What to work on: Set down the final stretch of the data, from the line that holds "mam dad and" through the last line, both included, with pictures left out.

Supplied information:

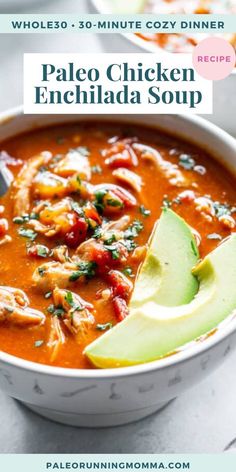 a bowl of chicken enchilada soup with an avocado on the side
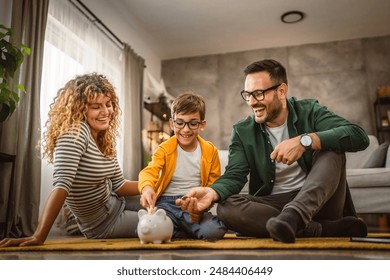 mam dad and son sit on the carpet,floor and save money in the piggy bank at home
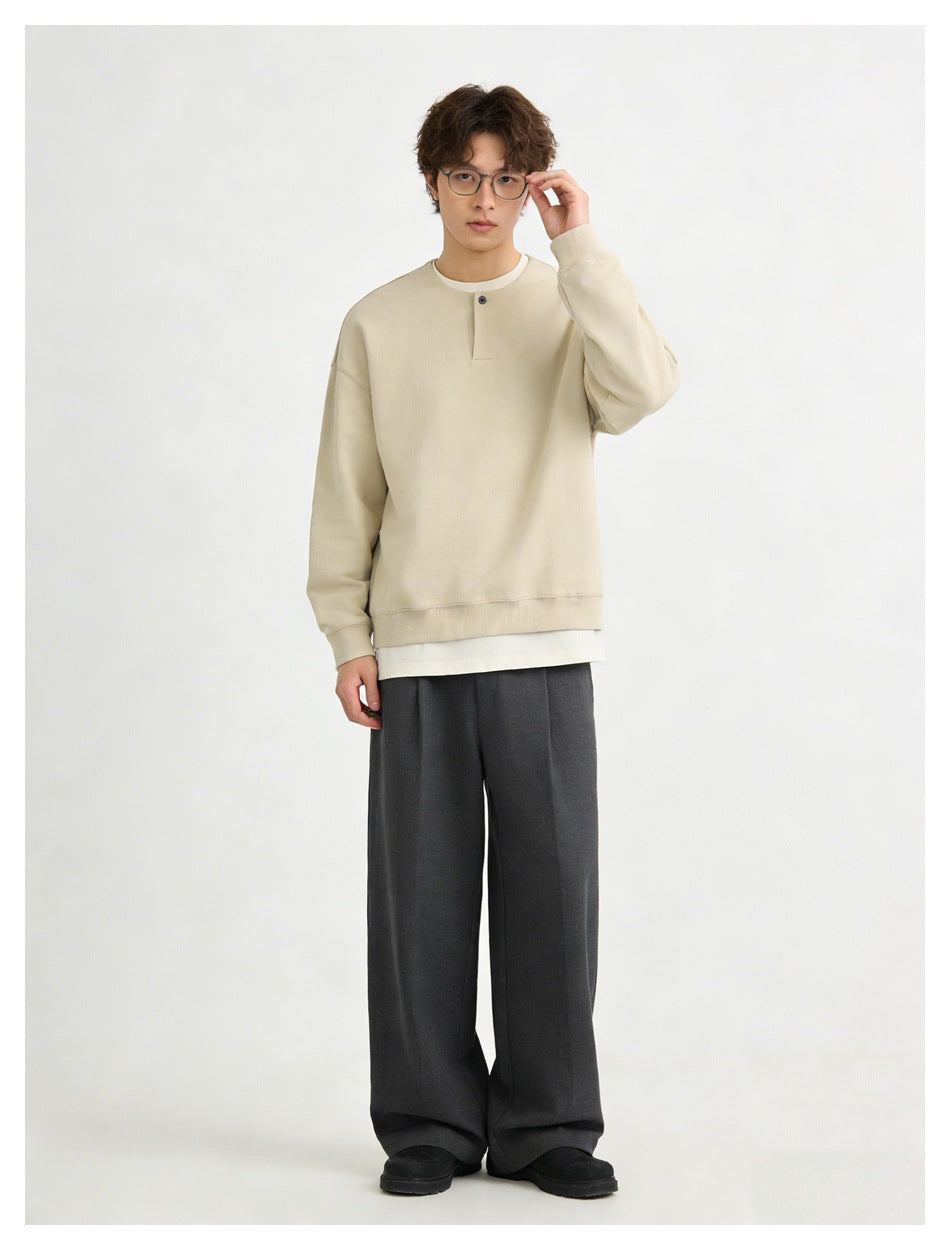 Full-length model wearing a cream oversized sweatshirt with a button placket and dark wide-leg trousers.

Response box:
 mam dad and son sit on the carpet,floor and save money in the piggy bank at home
 Full-length model wearing a cream oversized sweatshirt with a button placket and dark wide-leg trousers.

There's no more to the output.